◆ **WHAT IS REQUIRED**
Repeat the records below exactly from the line containing "Similar – Image, Stock" to the line containing "那須どうぶつ王国に投稿された画像（2024/1/1）", taking in both of those lines. Drop the pictures.

◆ **RAW DATA**
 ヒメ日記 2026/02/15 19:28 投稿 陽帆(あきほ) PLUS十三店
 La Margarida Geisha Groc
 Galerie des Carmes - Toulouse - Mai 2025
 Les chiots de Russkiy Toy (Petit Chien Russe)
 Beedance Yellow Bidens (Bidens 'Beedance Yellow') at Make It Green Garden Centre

---

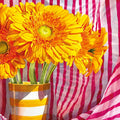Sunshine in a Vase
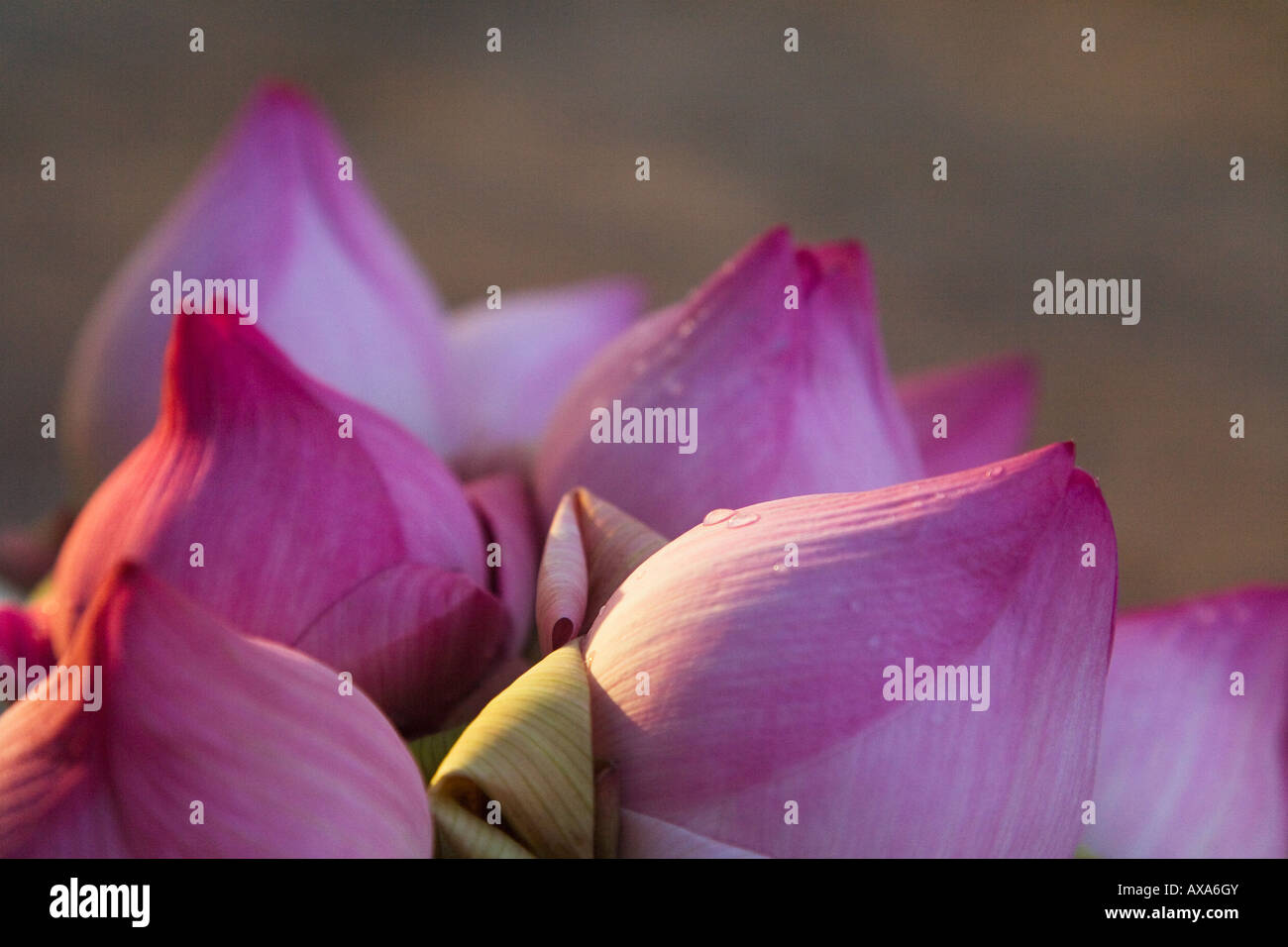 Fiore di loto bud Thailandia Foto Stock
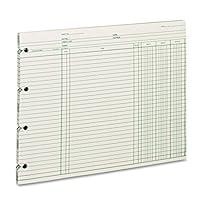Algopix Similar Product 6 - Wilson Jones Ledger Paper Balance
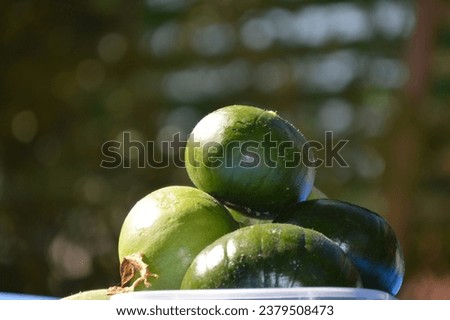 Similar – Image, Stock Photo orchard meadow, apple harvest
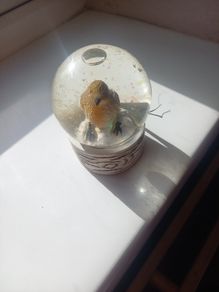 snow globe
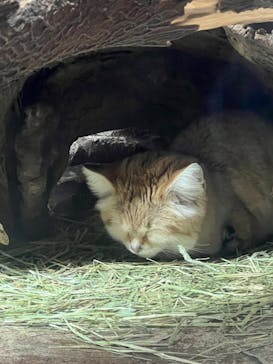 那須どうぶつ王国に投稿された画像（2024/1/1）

==

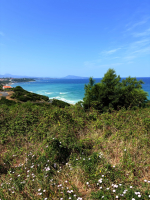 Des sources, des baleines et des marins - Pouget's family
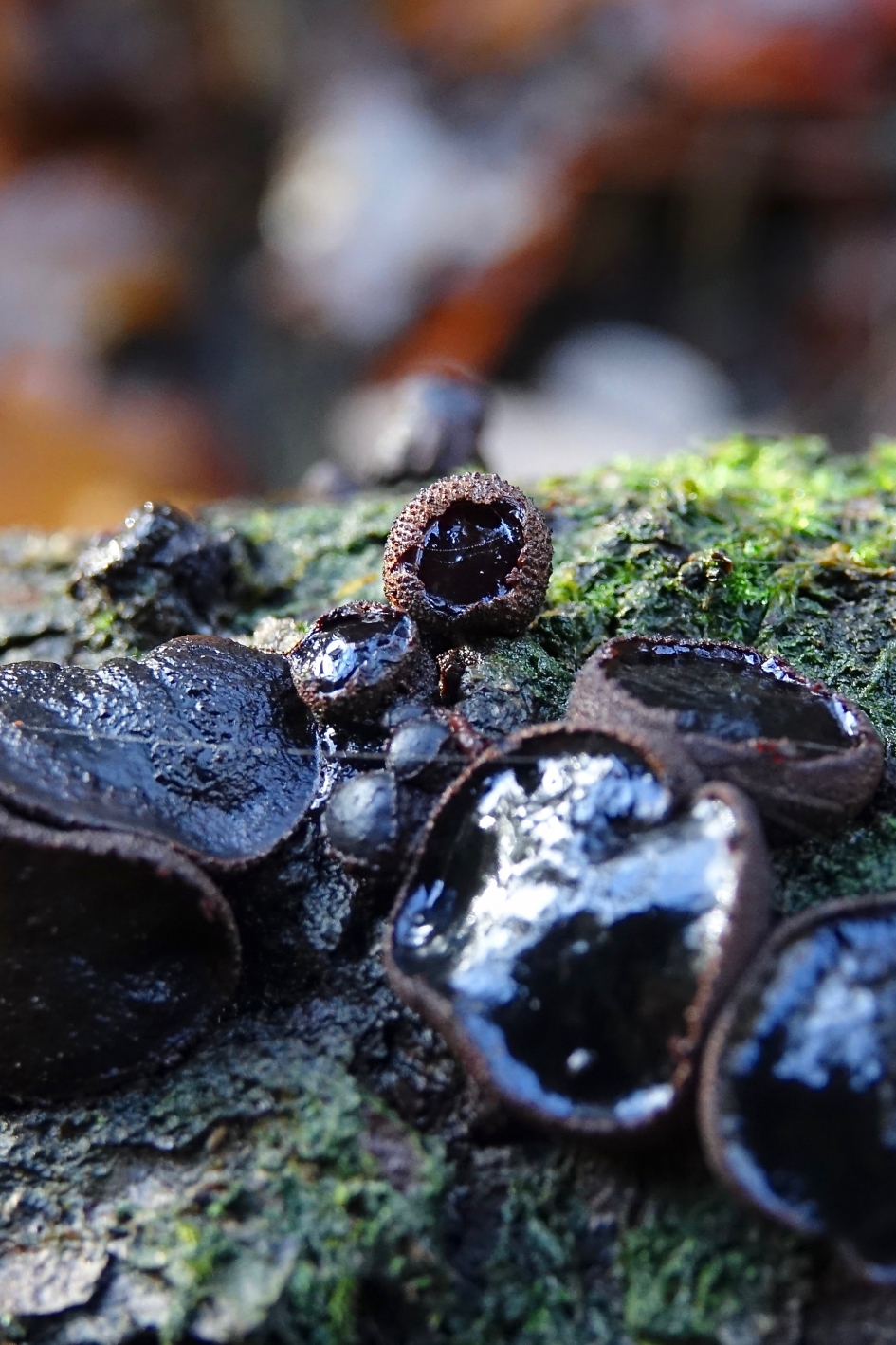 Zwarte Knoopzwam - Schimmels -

◆ **RESULT**
 Similar – Image, Stock Photo orchard meadow, apple harvest
 snow globe
 那須どうぶつ王国に投稿された画像（2024/1/1）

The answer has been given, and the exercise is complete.